Das türkische Landwirtschaftsministerium hat sich bislang zu dem Greenpeace-Bericht noch nicht geäußert. Doch es ist möglich, dass das Problem weit über die Türkei hinausgeht.
"Wir wissen nicht, ob belastetes Gemüse aus derselben Ernte wie die, die wir untersucht haben, aus der Türkei auch in andere Länder exportiert wurde", erklärt Bülent Şık. "Das können nur die betroffenen Länder selbst herausfinden, indem sie die entsprechende Lebensmittel untersuchen." Die Türkei exportiere rund zehn Prozent ihrer Obst- und Gemüseproduktion, 90 Prozent würden im Land selbst verkauft, erklärt Şık.
Nach Angaben der Assoziation der Exporteure des Mittelmeers (AKIB) hat die Türkei im Jahr 2019 insgesamt 532.200 Tonnen Tomaten, 112.600 Tonnen Paprika und 55.100 Tonnen Gurken exportiert. Insgesamt exportierte sie über vier Millionen Tonnen Obst und Gemüse, davon 136.300 Tonnen alleine nach Deutschland.

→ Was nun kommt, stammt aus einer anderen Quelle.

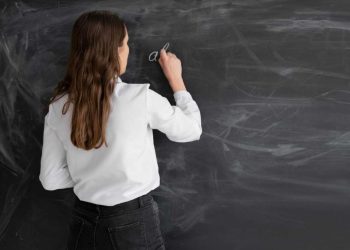 Müəllimlərin geyimi ilə bağlı yeni qaydalar təsdiqləndi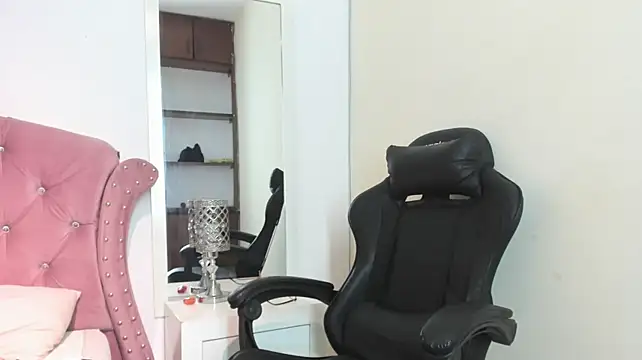 AlishOward35 live XXX chat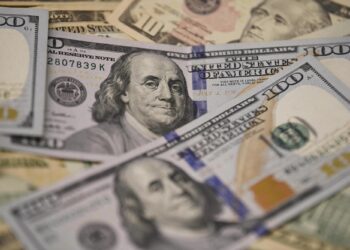 忧美元贬值 现货黄金价格突破每盎司4000美元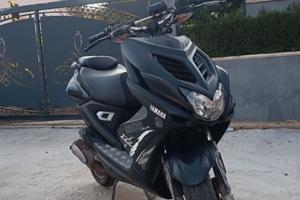 Yamaha Aerox 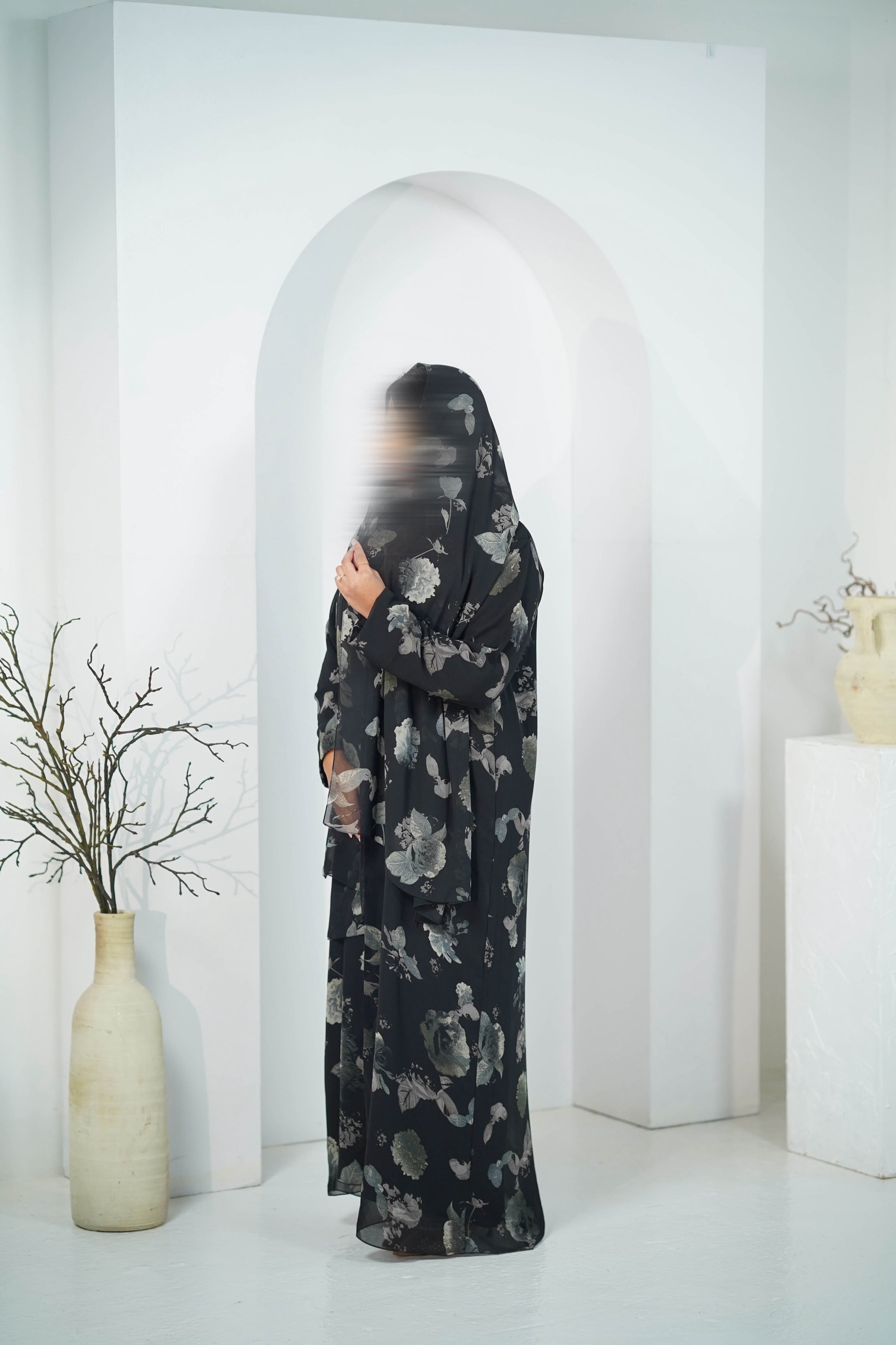Nóir Floral Abaya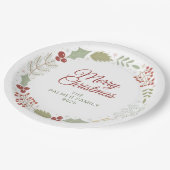 Elegant Floral Christmas Wreath Family Custom Name ペーパープレート (アングル)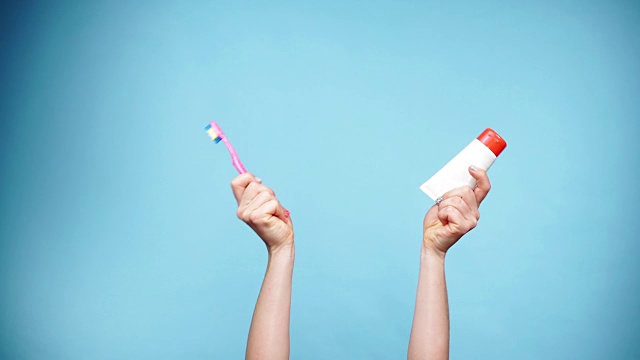 女人手持4K牙刷和牙膏清洁牙齿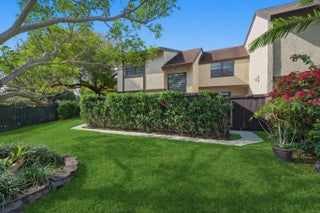 Photo of Listing #B26008686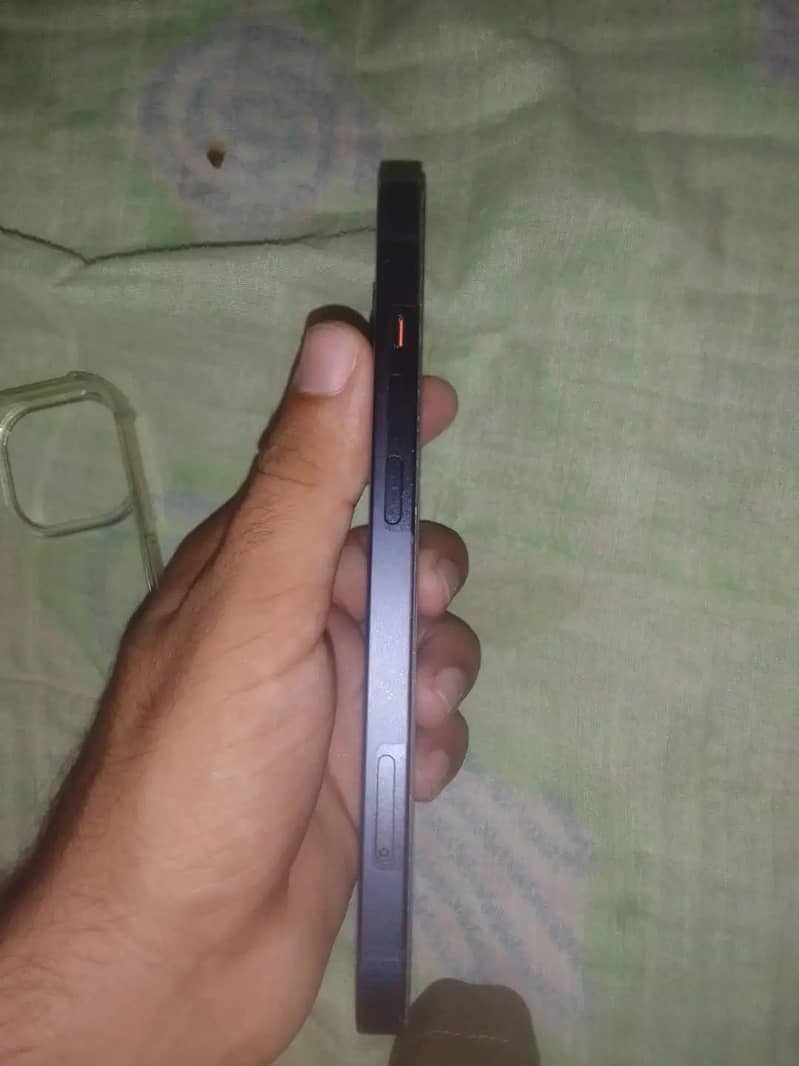 Apple iPhone 13 3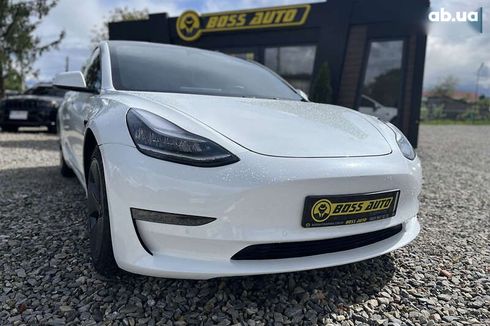 Tesla Model 3 2022 - фото 7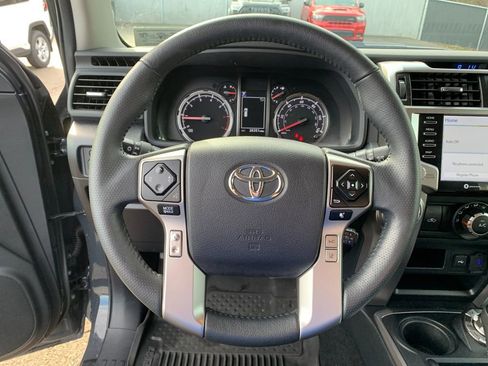 Used 2024 Toyota 4Runner TRD Sport w/ Technology Package image 28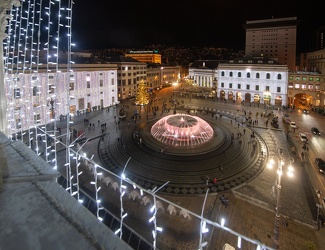 Genova, piazza De Ferrari - illuminazion e luminarie natale fest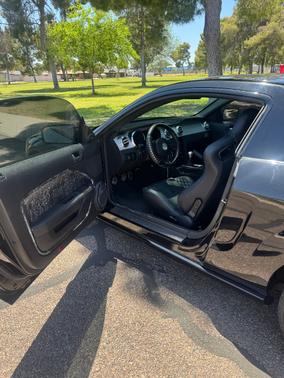 Black 2005 Ford Mustang Deluxe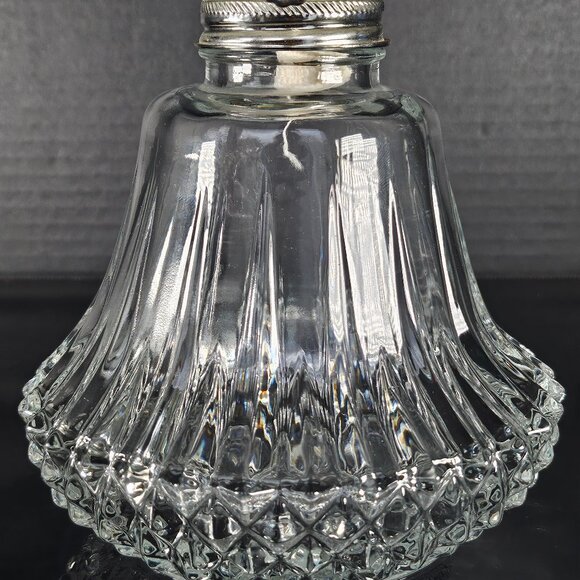 Rare Lamplight Farms, Austria Diamond Cut Crystal Oil Lamp 13 Inch - Picture 4 of 13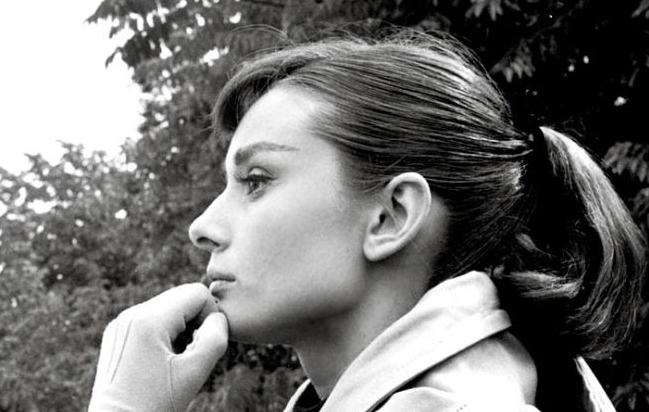 audrey-hepburn-ponytail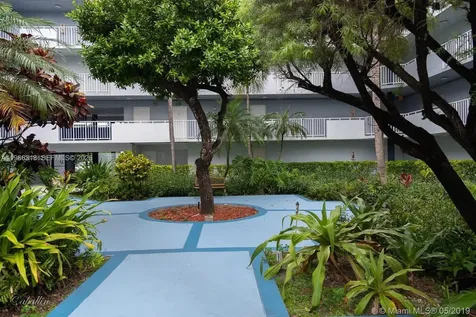 8261 NW 8th Street Miami FL 33126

Gravierendes Gesundheitsrisiko für Landwirte
Die Forscher stellten zudem fest, dass bei 42 Prozent der untersuchten Lebensmittel die toxische Wirkung der verwendeten Pestizide lange Zeit nicht abgebaut wird und in die Luft und die Erde übergehen. Das größte Gesundheitsrisiko tragen daher die Landwirte und Feldarbeiter, wie Bülent Şık betont.
"Die Landwirte, die ihr Obst und Gemüse mit den Pestiziden behandeln, kommen selbst mehrmals täglich mit den Giftstoffen in Berührung. Bei Frauen kann das zu Brust- und Eierstockkrebs führen oder sich negativ auf einen Embryo im Mutterleib auswirken. Bei Männern können die Giftstoffe zu Prostatakrebs führen und so negative Auswirkungen auf die Fruchtbarkeit haben.
Doppelt so hoher Pestizidgebrauch wie Holland
Dem Greenpeace-Bericht zufolge ist der Gebrauch von Pestiziden in der Türkei in den Jahren 1979 bis 2018 um das Siebenfache gestiegen. Derzeit liegt er bei insgesamt 59.000 Tonnen. Während in Europa mit 13 Kilo pro Hektar die meisten Pestizide in Holland eingesetzt werden, liegt der Einsatz von Pestiziden in der türkischen Stadt Antalya bei 26 Kilo pro Hektar und ist damit doppelt so hoch.
In Europa werden knapp 1000 unterschiedliche Mittel als Pestizide verwendet. 2016 hatte Greenpeace die "Schwarze Liste der gefährlichsten Pestizide in Europa" veröffentlicht. Darin erklärte Greenpeace, dass auch solche Mittel schädlich sind, die in der EU bislang als harmlos für Mensch und Natur galten,. Für den Bericht untersuchten Wissenschaftler 520 zugelassene Pestizide und ihre Wirkungen auf Gesundheit und Natur. Sie fügten 209 der untersuchten Pestizide der schwarzen Liste hinzu.
Kein Widerspruch zu EU-Richtlinien
Der eigens für die Türkei erstellte Bericht "Pestizide: Die Gefahr auf unserem Esstisch" wurde mit der "Schwarze Liste der gefährlichsten Pestizide in Europa" verglichen und ergab, dass bei 90 Prozent der untersuchten Tomaten, bei 67 Prozent der Gurken und bei 73 Prozent der grünen Paprika jeweils mindestens eines der verwendeten Pestizide in der Schwarzen Liste von Greenpeace vorkommt. Da das aber nicht im Widerspruch zu den Richtlinien der EU steht, können diese Produkte problemlos in Europa verkauft werden.